When they leave the Spencer Island house where they’ve lived since 1985, they’ll settle in Arlington. She’s not saying exactly where, but admitted she’ll miss the wide open spaces.

Known on the Biringer Farm’s website as “The Strawberry Lady,” Dianna is nostalgic as she prepares for the move that could be finished by this week.

In the cheery kitchen of the 1910 house, the decor is all strawberries — a tablecloth and place mats, a cookie jar and teapot, planters on a window sill, a wall’s stenciled berries, and aprons hanging in a corner. The Biringers’ sweeping view takes in the snow-capped Olympics from one direction, Mount Pilchuck from the other.

“I love where we are, seeing Mount Rainier and all the creatures. I have my head in the clouds all the time. I love the sky,” she said. “It’s been just wonderful.”

Outside the old yellow house, in what looks like a ghost town, are reminders of a once-popular seasonal attraction. For two decades, during the Marysville Strawberry Festival, Biringer Farm hosted Pig Out on the Farm. The last Pig Out brought crowds to the farm in June 2008. Three TV stations were there to mark the end of an era, Dianna Biringer said.

On Wednesday, she walked through what’s left.

There’s a ramshackle western-style building, still with its faded “Fort Coyote” sign. A spiral staircase leads to the precarious-looking wooden goat bridge, dubbed “Galloping Gertie.” A fruit stand where U-pick customers once lined up to pay for berries is still there. Dried cornstalks, scarecrows and the “boo barn” are left from years when the old Biringer Farm sold pumpkins and hosted loads of school groups.

Gone are the gazebo and miniature chapel. And a barrel train, pulled by a tractor, that used to transport kids at the Pig Out is now at Stocker Farms in Snohomish. “That was hard for me to give up,” Biringer said.

With the Pig Out and other activities, she was an early entrepreneur in what’s now known as agritainment. “We don’t claim we were the first,” said Biringer, adding “Mike is the farmer, I’m the one to allow people to have fun.”

The family’s farming history began long before any Biringers came to Spencer Island.

Dianna said her husband’s parents, Mike and Victoria Biringer, came from Germany. Mike’s father once had a chicken farm in Pennsylvania. Here, their original farm was on Cemetery Road in Marysville, now 88th Street NE. “They rented land up to Smokey Point,” she said.

Dianna grew up in the Alderwood area, the daughter of a Boeing worker.

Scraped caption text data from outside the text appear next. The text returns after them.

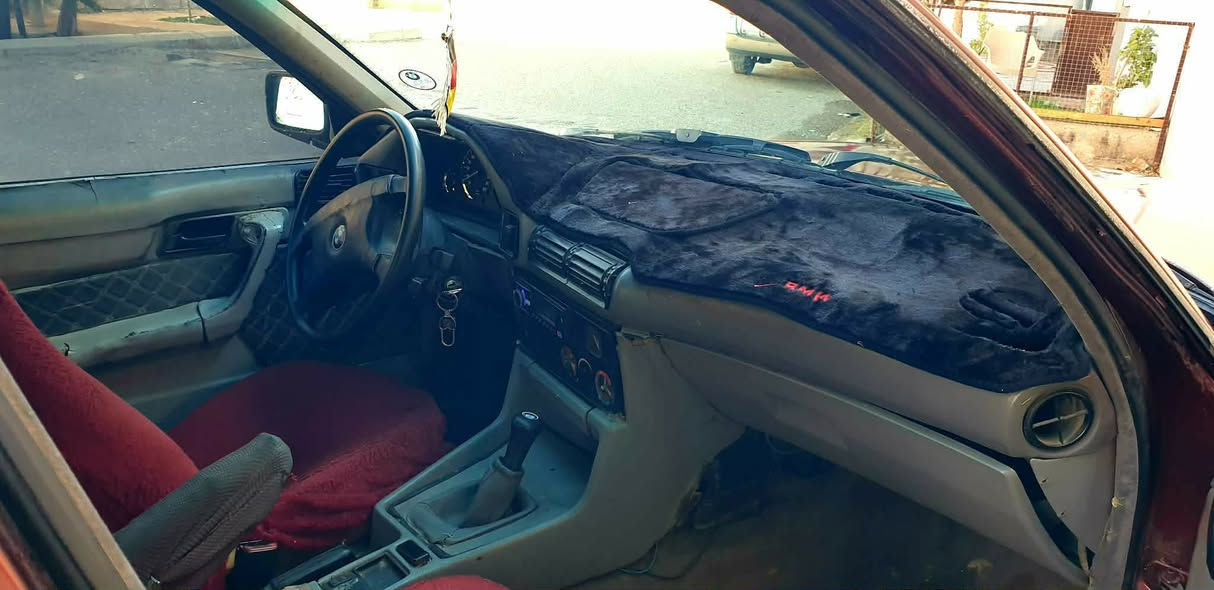 سلاو له ئاد مين
Bmw525
موديل ٩١
دوجام كاره با 
ناو رصاصي 
به شه رتي ئه وه ي مالي كه س نه بي 
گيرو مه كينه ي به شه رت 
بي ته قه و ره قه 
هه ر چوار تايه ي تازه يه 
موسو برواه به شه رت
گورينه وه ش اكه م به شتيك به دلم بيت 
سعري 17گه لا و مه عامه له يه كي كه م 
ژم/ ***********
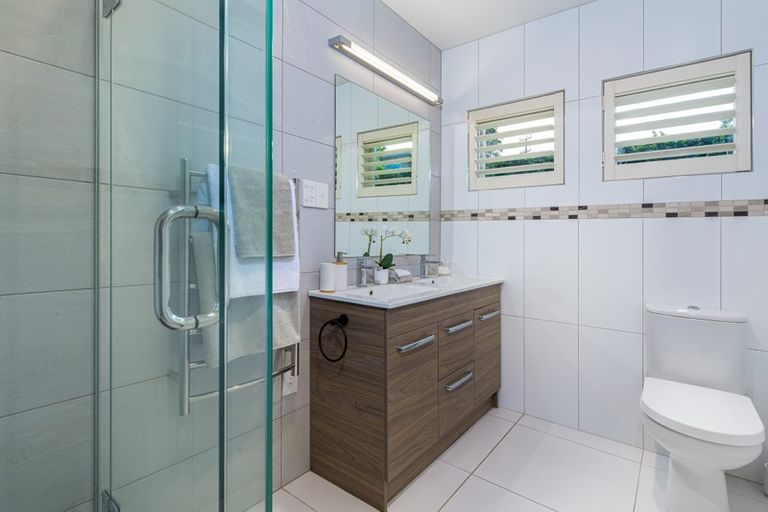 Photo of property in 26 Castor Bay Road, Castor Bay, Auckland, 0620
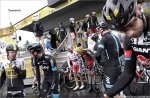 tdf15gc04_queue.jpg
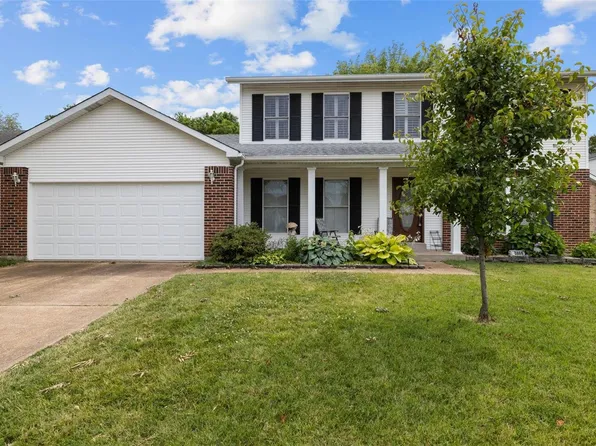 5869 Westcliffe Dr, Saint Louis, MO 63129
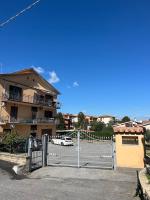 Casa Vacanze Al Montano - B&B Anguillara Sabazia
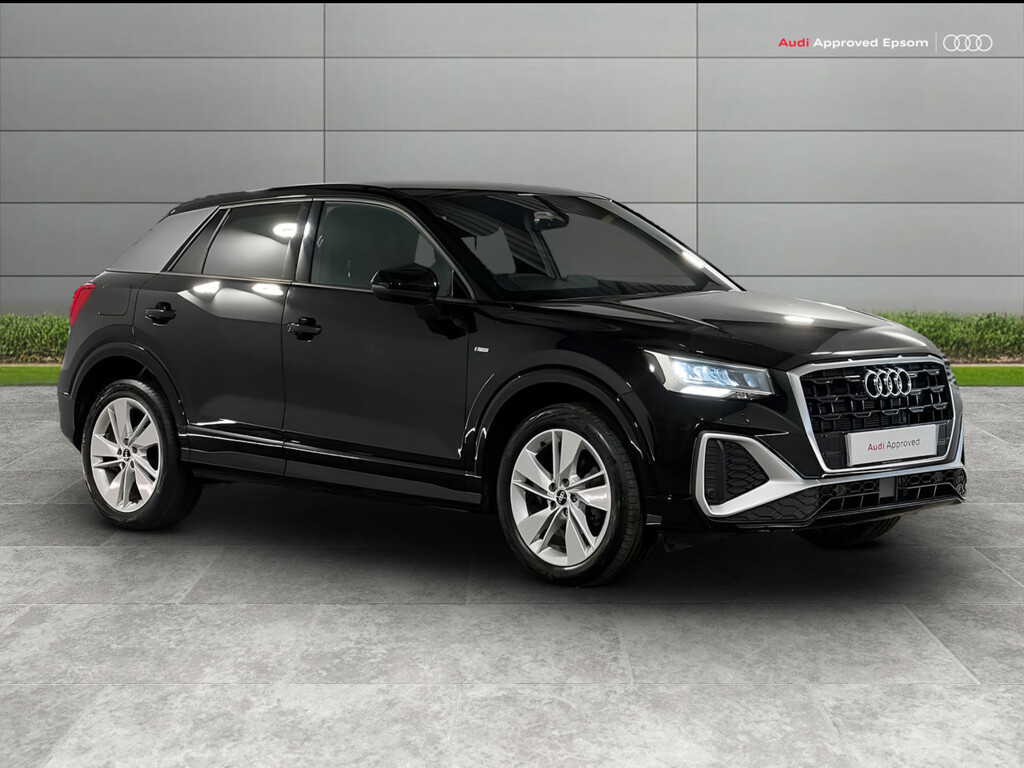 Audi Q2 Audi Estate 30 Tfsi Black Edition White #1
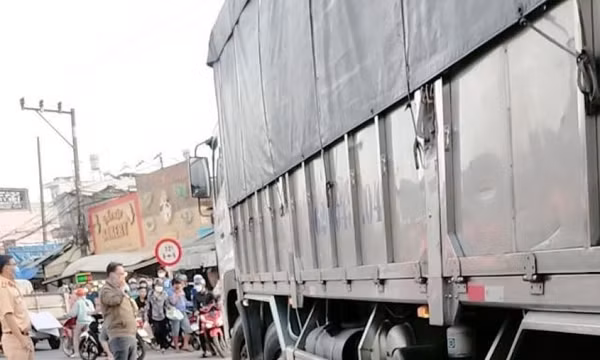 Dừng chờ đèn đỏ, người phụ nữ bị xe tải đâm tử vong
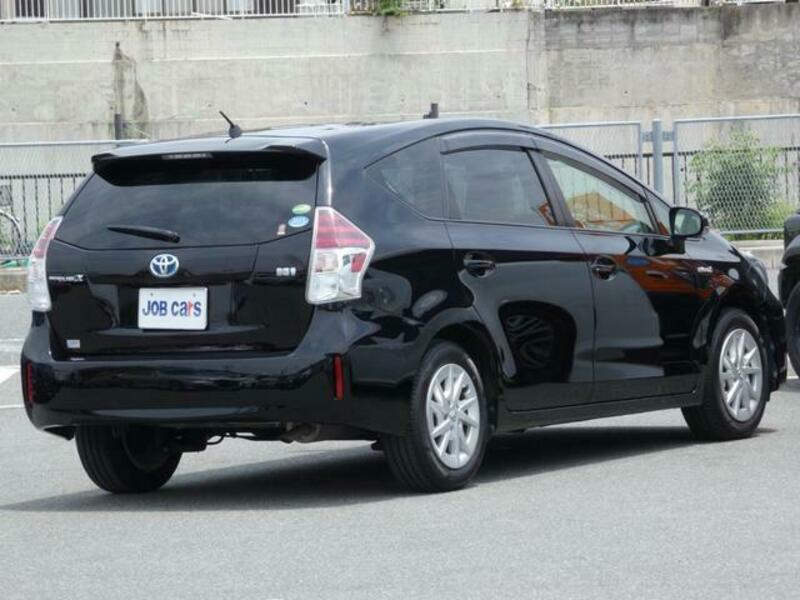 PRIUS ALPHA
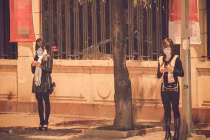 Cảnh gái đứng đường vẫy khách đêm Giáng sinh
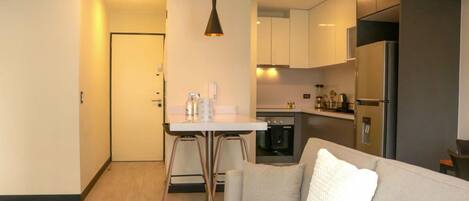 1 غرفة نوم وخدمة الإنترنت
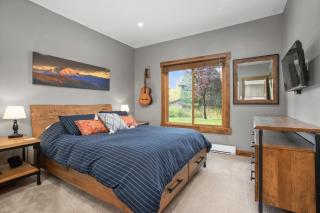 Private Washer & Dryer, Outdoor Pool and Hot Tub, Nicely Updated, Free Bus Route - 8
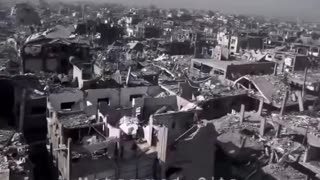 journalist documents scenes of israeli destruction in one of Gaza City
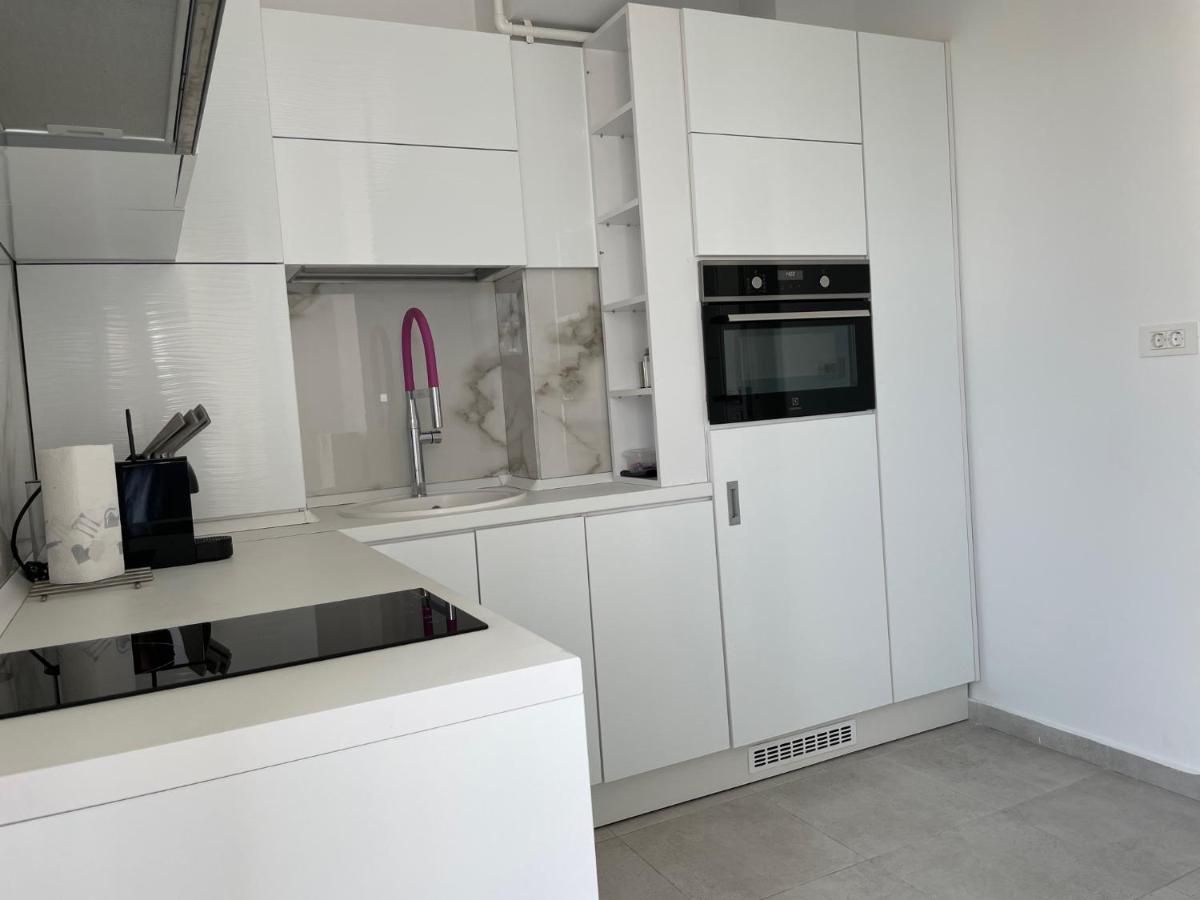 Luxury Westpark 2-Room Apartment Lakeview W5 Boekarest Buitenkant foto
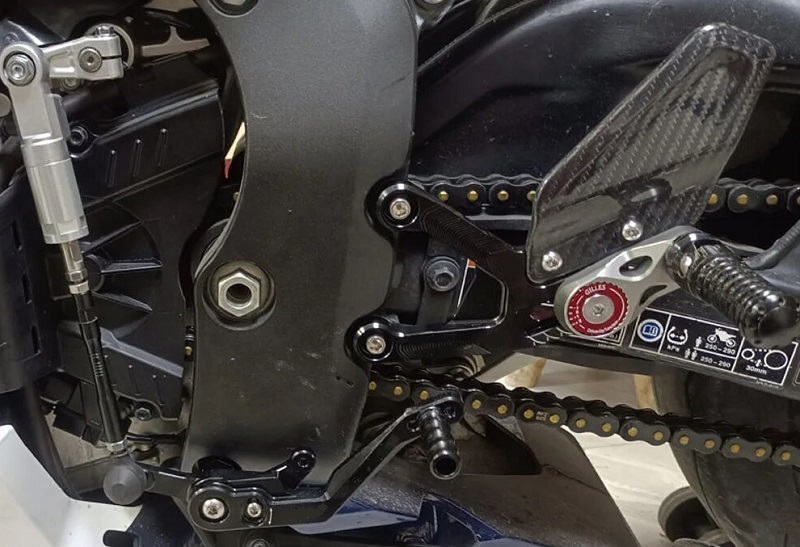 新作 ホンダ CBR1000RR-R SC82 バックステップ カーボンヒールガード 2020~2024 ステップ拍卖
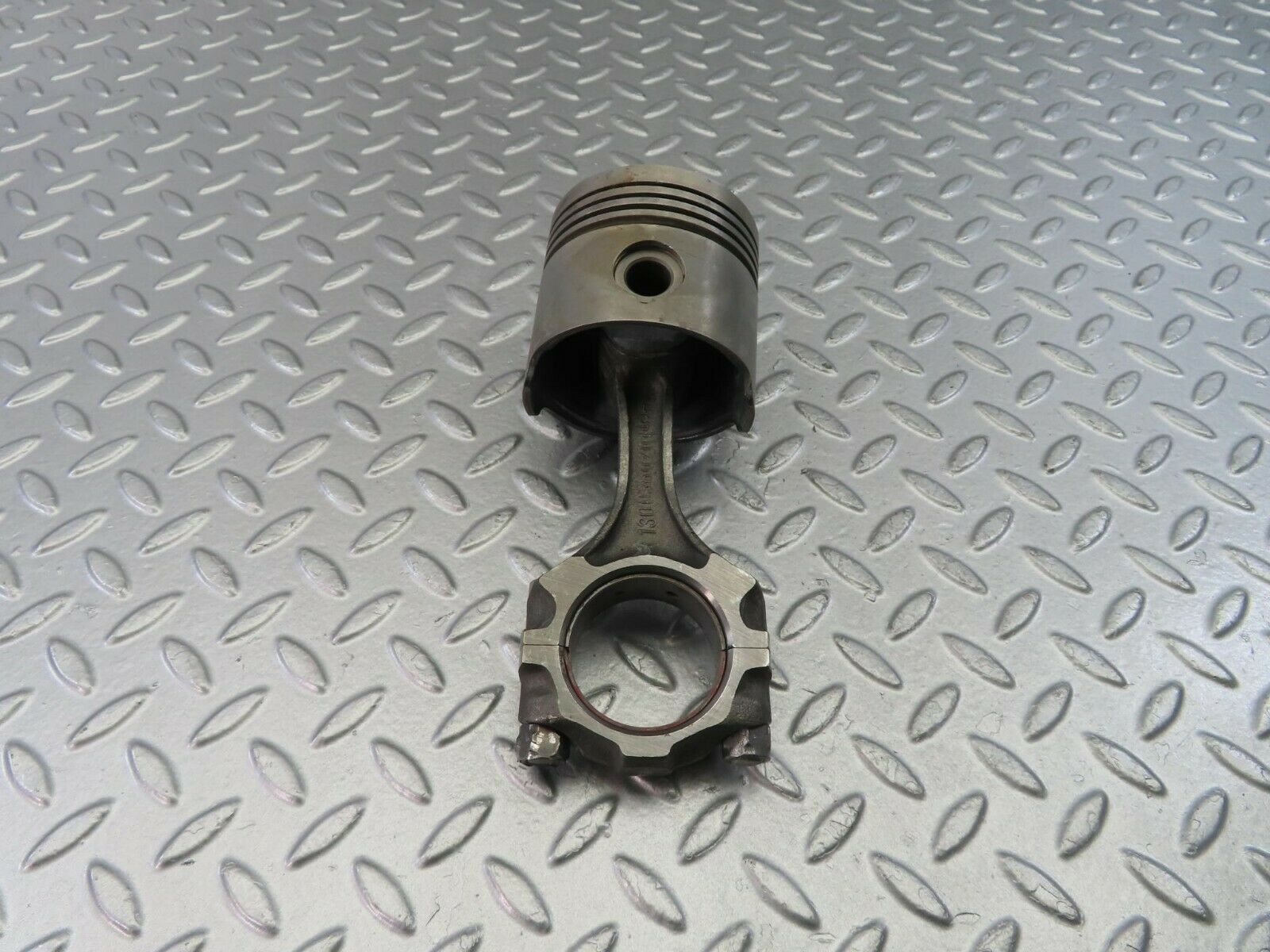 10164 Mercedes-Benz W108 Piston With Connecting Rod 86.49 mm 1300380201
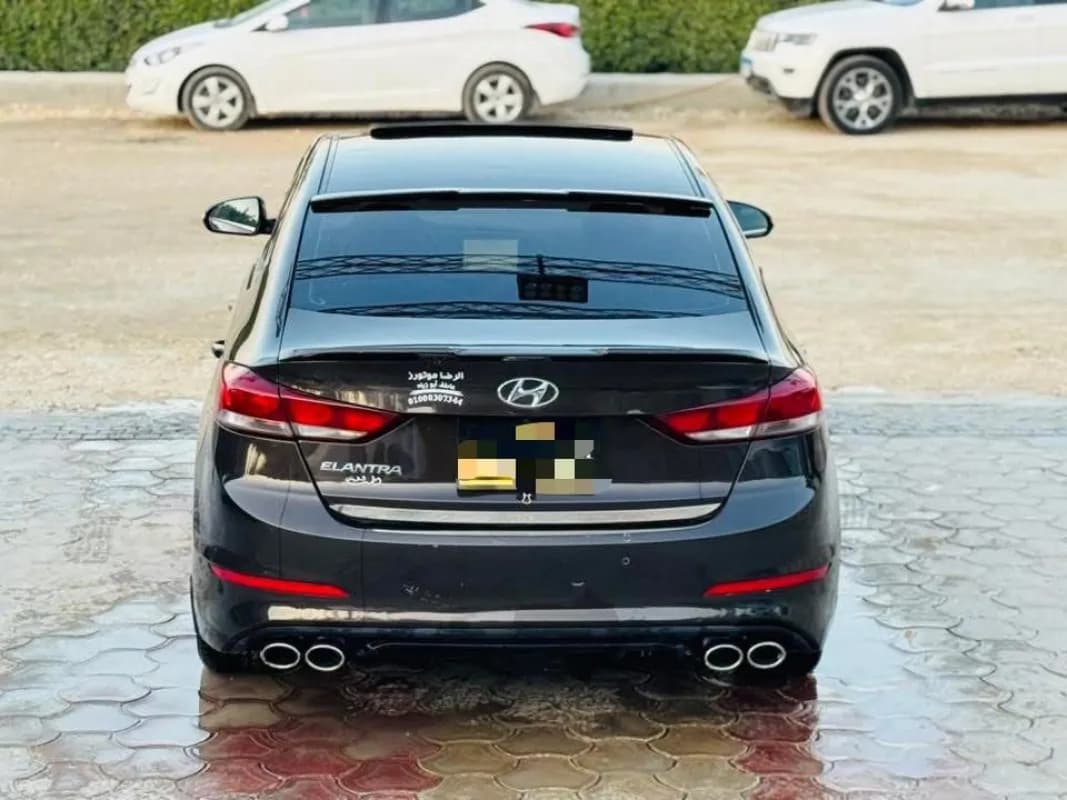 Hyundai Elantra AD 2018 Highline Black Automatic — Used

She remembers joining kids who were picked up by a truck to go pick produce in Monroe. Years later, Biringer Farms sent buses to bring kids to pick berries.

The Marysville Strawberry Festival, started in 1932, is scheduled for June 8-16. Gone from the now suburban city are nearly all its berry growers. Before the mid-1950s, according to the HistoryLink website, strawberries were grown on more than 2,000 acres in Marysville and its surrounding countryside.

At the Biringers’ Arlington farm, an early strawberry variety, Sweet Sunrise, could be ready by late May. Finding enough pickers is a huge challenge. “We’re taking applications online,” Biringer said. In some past years, the farm had 100 paid pickers, in addition to U-pick crowds. Now, it can be as few as five people.

Biringer Farm will have two off-site stands selling berries in the county, one on Marysville’s State Avenue near Burger Mill, the other on 196th in Lynnwood. Melody Biringer, the couple’s daughter, also has a strawberry stand at Seattle Center near the Space Needle.

Life on the land continues, but not as it once was.

“You know, life changes. You just have to roll with it,” Dianna Biringer said. “It’s going to be interesting getting used to neighbors.”